Ever feel that life is like one interminable joke being played just on you?

Writer/ performer Will Adamsdale’s latest show The Joke explores the universality of this feeling and then runs with it in every conceivable direction.

Featuring the stock figures of an Englishman, Scotsman and Irishman trapped in a script-less joke, Adamsdale’s performance of his freewheeling absurdist comedy confirms that his charm and rapport with the audience is just as impressive as it was more than 10 years ago when he first made waves at the Edinburgh Fringe.

Using a fluid, improvised style, Adamsdale’s Englishman, Camden People Theatre’s artistic director Brian Logan’s Scotsman, and Lloyd Hutchinson’s Irishman strike a pitch-perfect balance between whimsy and sharp physical comedy.

Questions are raised about the nature of identity, prejudice and how stereotypes confine and even reassure us.

The observations may not be revelatory but it’s the multitude of nuanced references – from the historical through to pop-culture – that give the show its sparkle.

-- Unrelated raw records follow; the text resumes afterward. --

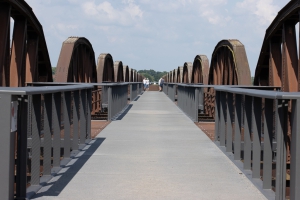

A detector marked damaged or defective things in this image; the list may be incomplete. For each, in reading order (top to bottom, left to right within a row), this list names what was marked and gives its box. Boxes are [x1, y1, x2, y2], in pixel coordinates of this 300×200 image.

rusty steel girder [0, 0, 52, 86]
rusty steel girder [54, 36, 96, 82]
rusty steel girder [96, 53, 114, 83]
rusty steel girder [192, 54, 209, 84]
rusty steel girder [254, 0, 300, 92] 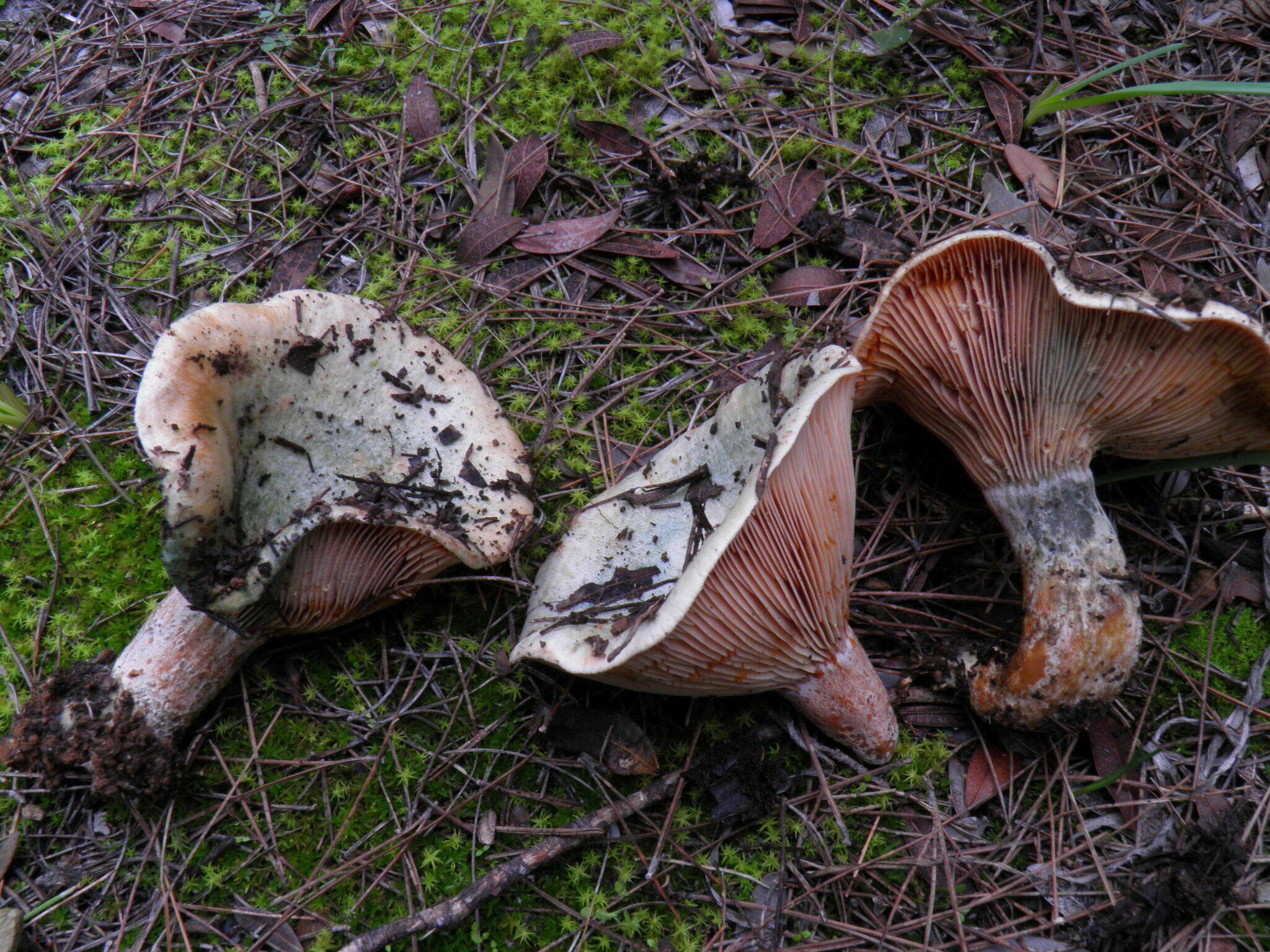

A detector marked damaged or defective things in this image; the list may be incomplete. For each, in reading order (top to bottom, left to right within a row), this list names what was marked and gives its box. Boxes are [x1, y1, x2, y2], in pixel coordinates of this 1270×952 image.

small broken stick [332, 772, 680, 949]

Adamsdale is not afraid to shine an unforgiving spotlight on the stereotypes and their desperate desire to trump each other’s status: the public school-boy Englishman with his disingenuous over-use of the term ‘mate’, the Scotsman’s Pavlovian response to hearing a few bars of The Proclaimers, the Irishman’s chip about Northern Ireland’s violent past.

As the neat bar-room yarn builds, the claustrophobia of the scenario becomes an existential metaphor for life.

With no relief apart from their dwindling supply of Tictacs and no escape through the exit door till they come up with a better gag, the trio face a stark choice: they can jump off their imaginary lifeboat or call quits on the stand-off.

Or they can always tell another variation on the joke to while away time – there was this Englishman, Irishman and a Scotsman...

The Joke is at Camden People’s Theatre.